Chicago: Community packs police board meeting demanding firing of five officers involved in murder of Dexter Reed
Chicago, IL – On April 18, the Chicago Alliance Against Racist and Political Repression, alongside other organizations in the Black liberation movement, called a rally at Chicago Police Department Headquarters ahead of the police board meeting to demand that the five officers who fired 96 shots and murdered Dexter Reed, Jr. be fired, indicted and convicted.
200 activists and supporters from all corners of the movement in Chicago, from torture survivors to family members of those killed by police violence, as well as those from the Palestinian liberation movement, converged on CPD HQ to make clear to the powers that be that Chicagoans will no longer stand for police terror.
Led by Kobi Guillory, co-chair of the Chicago Alliance, protesters repeatedly erupted into chants of “16 shots, 96 rounds, no more cover-ups in this town,” to draw the connection between the killing and cover-up of Dexter Reed’s murder with the one of Laquan McDonald in 2015, when CPD officer Jason Van Dyke fired 16 shots and killed 17-year-old Laquan McDonald. In the aftermath, then-Chicago mayor Rahm Emanuel and then-State's Attorney Anita Alvarez went to great lengths to cover up the footage. Years later, and the murder and cover-ups in Chicago continue.
“Frankly, I’m sick of this shit,” said Chantel Brooks, mother of Michael Westley, 15-year-old boy who CPD killed in 2013. “Every time somebody else dies, it ain’t do nothing but bring back memories. It’s hurtful. When is this gonna change? When are our kids gonna stop getting preyed on? When are they going to stop getting killed? When does a Black life really fucking matter? My son was a good kid, and they shot him in the fucking back like a fucking animal, and he never got justice.”
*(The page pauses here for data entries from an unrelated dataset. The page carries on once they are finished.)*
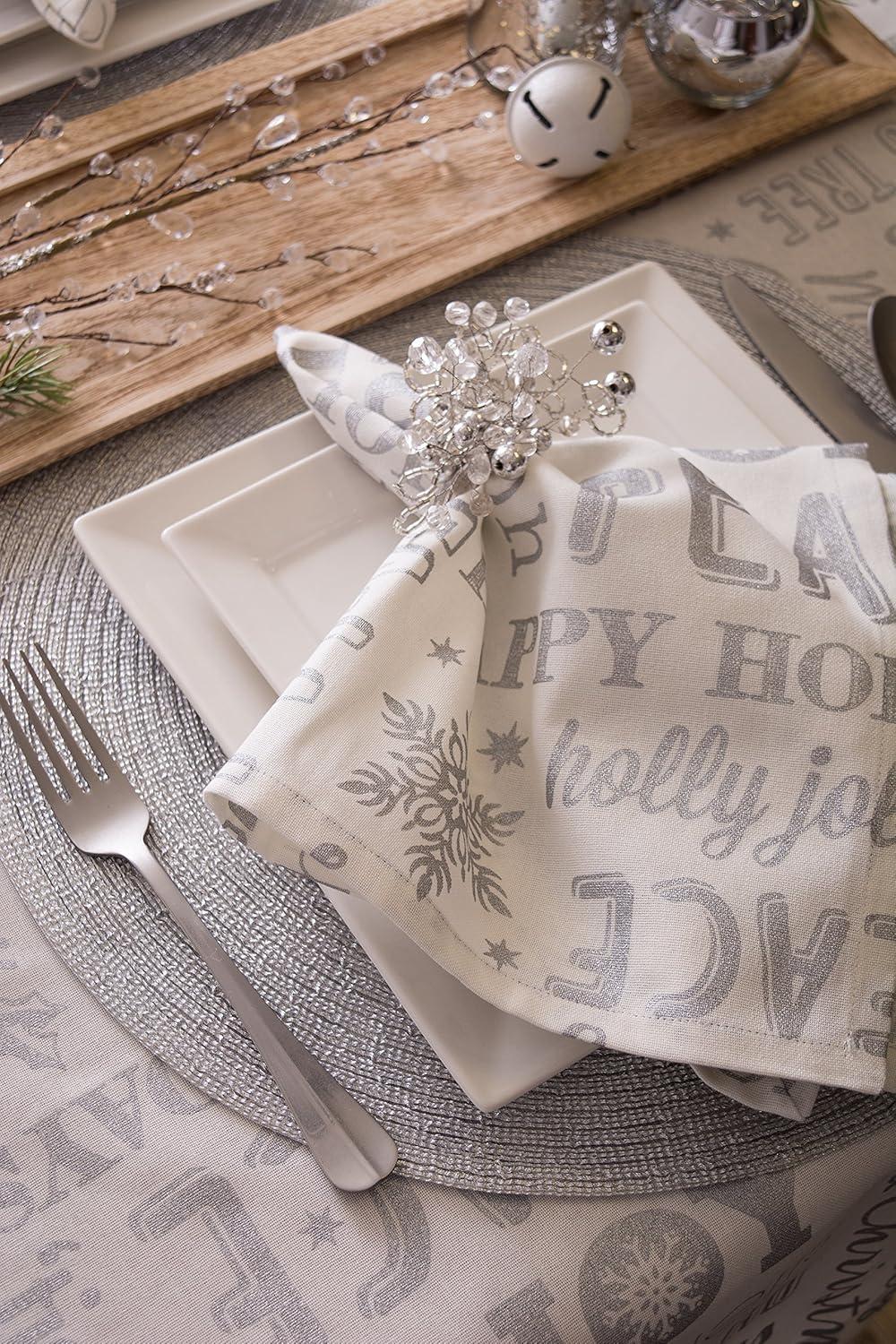 imageDII Holiday Dining Table Linen Metallic Fabric Kitchen Dcor Christmas Tablecloth 60x84 Silver Holiday CollageSilver Holiday Collage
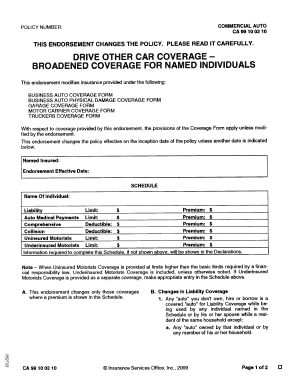 Commercial Auto Drive Other Car Coverage Endorsement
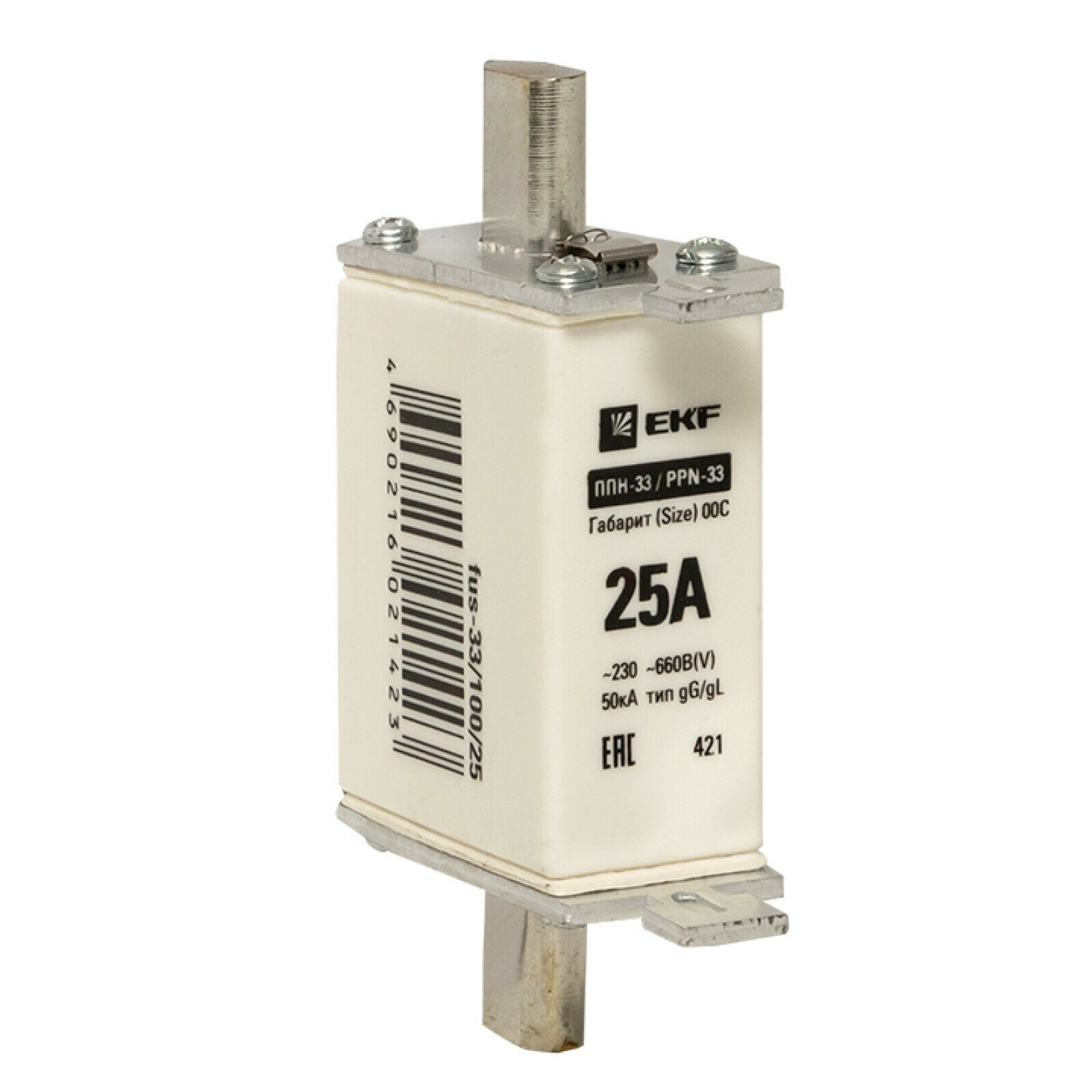 Плавкая вставка ППН-33 100/ 25А габарит 00С EKF - 1 шт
In addition to the demand on the police board to fire the five cops who murdered Reed, the lead organizers of the response to Reed’s killing put forward three other demands: Fire Police Superintendent Snelling; end pretextual traffic stops, and disband the TACT teams, which operate as death squads that maraud through Black neighborhoods with impunity. In fact, it was a TACT team that conducted the pretextual traffic stop that resulted in Reed being killed. The TACT team that pulled him over claimed Reed wasn’t wearing a seat belt despite the fact that he wasn’t visible through his tinted windows.
After the rally, protesters filed into CPD headquarters to make their demands to fire the officers known to the police board.
“Dexter Reed should be here today,” Grace Patino, a member of CAARPR said. “The officers involved in the execution of Dexter Reed must be immediately fired and prosecuted to the fullest extent possible. We need an immediate end to pretextual traffic stops, and Larry Snelling should be fired.”
Out of self-preservation, the police heavily limited the number of people who could attend the meeting. Those who couldn’t enter remained outside for the duration of the meeting, beating on drums and chanting for justice for Dexter Reed. After the meeting, with there being no doubt that the police board received the movement’s message loud and clear, attendees gathered outside for more chants and to discuss its next steps.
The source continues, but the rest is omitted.